-- GIVEN RECORDS follows --

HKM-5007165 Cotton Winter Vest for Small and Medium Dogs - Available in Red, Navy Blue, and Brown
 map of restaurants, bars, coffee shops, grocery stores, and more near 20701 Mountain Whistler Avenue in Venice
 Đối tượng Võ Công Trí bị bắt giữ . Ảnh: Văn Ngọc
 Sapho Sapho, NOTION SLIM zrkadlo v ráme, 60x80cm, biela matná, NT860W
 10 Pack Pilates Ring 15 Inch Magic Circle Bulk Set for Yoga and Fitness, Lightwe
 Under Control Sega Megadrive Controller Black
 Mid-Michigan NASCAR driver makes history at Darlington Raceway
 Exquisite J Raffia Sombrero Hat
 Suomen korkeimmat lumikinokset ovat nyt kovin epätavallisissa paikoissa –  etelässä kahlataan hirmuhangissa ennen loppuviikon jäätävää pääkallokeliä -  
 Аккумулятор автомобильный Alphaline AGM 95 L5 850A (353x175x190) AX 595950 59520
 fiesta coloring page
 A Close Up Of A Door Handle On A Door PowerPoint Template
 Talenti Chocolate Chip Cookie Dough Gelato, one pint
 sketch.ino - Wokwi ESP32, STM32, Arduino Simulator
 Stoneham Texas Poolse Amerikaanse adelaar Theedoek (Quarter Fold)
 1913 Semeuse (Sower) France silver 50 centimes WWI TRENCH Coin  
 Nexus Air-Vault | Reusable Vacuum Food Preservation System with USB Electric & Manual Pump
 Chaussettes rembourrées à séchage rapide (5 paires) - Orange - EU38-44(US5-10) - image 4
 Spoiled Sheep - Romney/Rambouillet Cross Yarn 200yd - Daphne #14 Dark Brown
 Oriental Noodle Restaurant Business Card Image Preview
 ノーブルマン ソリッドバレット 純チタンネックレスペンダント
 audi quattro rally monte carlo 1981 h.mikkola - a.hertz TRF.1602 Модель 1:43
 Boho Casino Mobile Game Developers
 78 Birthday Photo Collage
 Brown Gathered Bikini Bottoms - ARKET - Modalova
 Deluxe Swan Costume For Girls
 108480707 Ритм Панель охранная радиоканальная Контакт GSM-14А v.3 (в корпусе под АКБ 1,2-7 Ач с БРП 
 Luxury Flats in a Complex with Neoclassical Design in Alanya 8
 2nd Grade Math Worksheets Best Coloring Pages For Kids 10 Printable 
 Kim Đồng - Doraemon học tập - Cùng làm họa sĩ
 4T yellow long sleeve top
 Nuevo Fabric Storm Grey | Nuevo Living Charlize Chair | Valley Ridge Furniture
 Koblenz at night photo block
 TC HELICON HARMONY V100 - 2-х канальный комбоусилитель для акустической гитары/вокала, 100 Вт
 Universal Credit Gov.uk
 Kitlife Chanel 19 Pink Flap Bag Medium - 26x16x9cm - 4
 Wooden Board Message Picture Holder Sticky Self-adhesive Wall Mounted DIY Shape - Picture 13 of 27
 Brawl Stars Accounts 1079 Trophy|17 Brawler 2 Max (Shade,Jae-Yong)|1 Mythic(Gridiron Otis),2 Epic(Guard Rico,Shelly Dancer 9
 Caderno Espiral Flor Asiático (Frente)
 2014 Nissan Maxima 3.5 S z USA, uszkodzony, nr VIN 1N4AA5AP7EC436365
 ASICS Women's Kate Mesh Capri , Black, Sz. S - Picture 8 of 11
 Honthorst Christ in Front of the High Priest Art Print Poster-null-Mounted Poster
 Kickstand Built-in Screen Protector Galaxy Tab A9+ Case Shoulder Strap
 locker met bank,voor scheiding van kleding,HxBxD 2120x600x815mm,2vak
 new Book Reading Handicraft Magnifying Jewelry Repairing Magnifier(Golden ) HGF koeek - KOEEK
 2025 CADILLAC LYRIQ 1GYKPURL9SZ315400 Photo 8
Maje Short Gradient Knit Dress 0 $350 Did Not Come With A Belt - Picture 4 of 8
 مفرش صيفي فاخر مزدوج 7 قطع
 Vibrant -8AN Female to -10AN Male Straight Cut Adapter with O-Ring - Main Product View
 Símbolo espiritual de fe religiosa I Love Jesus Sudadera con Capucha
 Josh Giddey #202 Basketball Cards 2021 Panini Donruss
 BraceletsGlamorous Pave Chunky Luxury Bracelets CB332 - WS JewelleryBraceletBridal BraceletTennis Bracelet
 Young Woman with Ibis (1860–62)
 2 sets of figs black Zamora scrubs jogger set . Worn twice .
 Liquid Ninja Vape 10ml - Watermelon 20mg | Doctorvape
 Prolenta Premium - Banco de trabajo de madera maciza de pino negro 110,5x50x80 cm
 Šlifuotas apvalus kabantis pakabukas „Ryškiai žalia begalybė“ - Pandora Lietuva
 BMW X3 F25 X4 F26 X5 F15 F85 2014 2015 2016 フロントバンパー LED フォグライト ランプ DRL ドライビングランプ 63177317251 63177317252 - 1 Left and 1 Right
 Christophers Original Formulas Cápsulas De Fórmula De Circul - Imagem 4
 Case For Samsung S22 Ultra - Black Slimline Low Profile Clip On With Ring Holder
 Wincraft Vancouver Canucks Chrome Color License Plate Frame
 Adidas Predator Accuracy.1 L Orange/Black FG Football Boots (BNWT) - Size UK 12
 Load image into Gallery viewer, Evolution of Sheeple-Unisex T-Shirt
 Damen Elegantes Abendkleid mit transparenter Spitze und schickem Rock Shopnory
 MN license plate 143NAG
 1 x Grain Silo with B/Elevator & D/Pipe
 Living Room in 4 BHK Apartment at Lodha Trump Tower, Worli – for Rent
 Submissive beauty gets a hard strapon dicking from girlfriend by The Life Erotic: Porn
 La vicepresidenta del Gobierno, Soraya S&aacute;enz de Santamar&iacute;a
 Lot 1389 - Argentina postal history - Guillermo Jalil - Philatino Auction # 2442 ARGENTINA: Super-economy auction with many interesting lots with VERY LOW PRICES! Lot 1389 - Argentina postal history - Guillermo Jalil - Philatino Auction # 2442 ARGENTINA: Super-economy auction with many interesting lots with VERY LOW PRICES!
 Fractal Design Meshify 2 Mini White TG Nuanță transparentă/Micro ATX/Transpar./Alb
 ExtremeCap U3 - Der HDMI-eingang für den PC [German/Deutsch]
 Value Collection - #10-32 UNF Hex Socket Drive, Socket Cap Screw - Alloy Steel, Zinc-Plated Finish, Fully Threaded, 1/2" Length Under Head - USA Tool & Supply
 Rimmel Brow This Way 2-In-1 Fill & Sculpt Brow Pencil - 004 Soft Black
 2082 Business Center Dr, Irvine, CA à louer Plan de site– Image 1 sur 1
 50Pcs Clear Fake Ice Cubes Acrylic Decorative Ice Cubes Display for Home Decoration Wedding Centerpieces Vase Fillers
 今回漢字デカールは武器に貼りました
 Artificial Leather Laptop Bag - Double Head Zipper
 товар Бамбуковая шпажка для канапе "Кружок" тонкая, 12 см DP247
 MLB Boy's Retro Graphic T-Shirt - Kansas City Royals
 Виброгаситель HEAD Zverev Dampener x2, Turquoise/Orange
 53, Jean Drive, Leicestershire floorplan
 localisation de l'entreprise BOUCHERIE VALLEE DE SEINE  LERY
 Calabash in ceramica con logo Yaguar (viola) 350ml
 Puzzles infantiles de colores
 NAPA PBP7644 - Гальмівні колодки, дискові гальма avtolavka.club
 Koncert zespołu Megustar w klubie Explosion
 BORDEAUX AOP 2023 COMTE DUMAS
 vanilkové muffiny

-- GIVEN RECORDS concluded --

** TASK PROMPT **
Only the lines above starting with the one with "Prolenta Premium - Banco" and going through the one with "Fractal Design Meshify" are to be copied, word for word and with both ends kept.

** EXERCISE RESULT **
 Prolenta Premium - Banco de trabajo de madera maciza de pino negro 110,5x50x80 cm
 Šlifuotas apvalus kabantis pakabukas „Ryškiai žalia begalybė“ - Pandora Lietuva
 BMW X3 F25 X4 F26 X5 F15 F85 2014 2015 2016 フロントバンパー LED フォグライト ランプ DRL ドライビングランプ 63177317251 63177317252 - 1 Left and 1 Right
 Christophers Original Formulas Cápsulas De Fórmula De Circul - Imagem 4
 Case For Samsung S22 Ultra - Black Slimline Low Profile Clip On With Ring Holder
 Wincraft Vancouver Canucks Chrome Color License Plate Frame
 Adidas Predator Accuracy.1 L Orange/Black FG Football Boots (BNWT) - Size UK 12
 Load image into Gallery viewer, Evolution of Sheeple-Unisex T-Shirt
 Damen Elegantes Abendkleid mit transparenter Spitze und schickem Rock Shopnory
 MN license plate 143NAG
 1 x Grain Silo with B/Elevator & D/Pipe
 Living Room in 4 BHK Apartment at Lodha Trump Tower, Worli – for Rent
 Submissive beauty gets a hard strapon dicking from girlfriend by The Life Erotic: Porn
 La vicepresidenta del Gobierno, Soraya S&aacute;enz de Santamar&iacute;a
 Lot 1389 - Argentina postal history - Guillermo Jalil - Philatino Auction # 2442 ARGENTINA: Super-economy auction with many interesting lots with VERY LOW PRICES! Lot 1389 - Argentina postal history - Guillermo Jalil - Philatino Auction # 2442 ARGENTINA: Super-economy auction with many interesting lots with VERY LOW PRICES!
 Fractal Design Meshify 2 Mini White TG Nuanță transparentă/Micro ATX/Transpar./Alb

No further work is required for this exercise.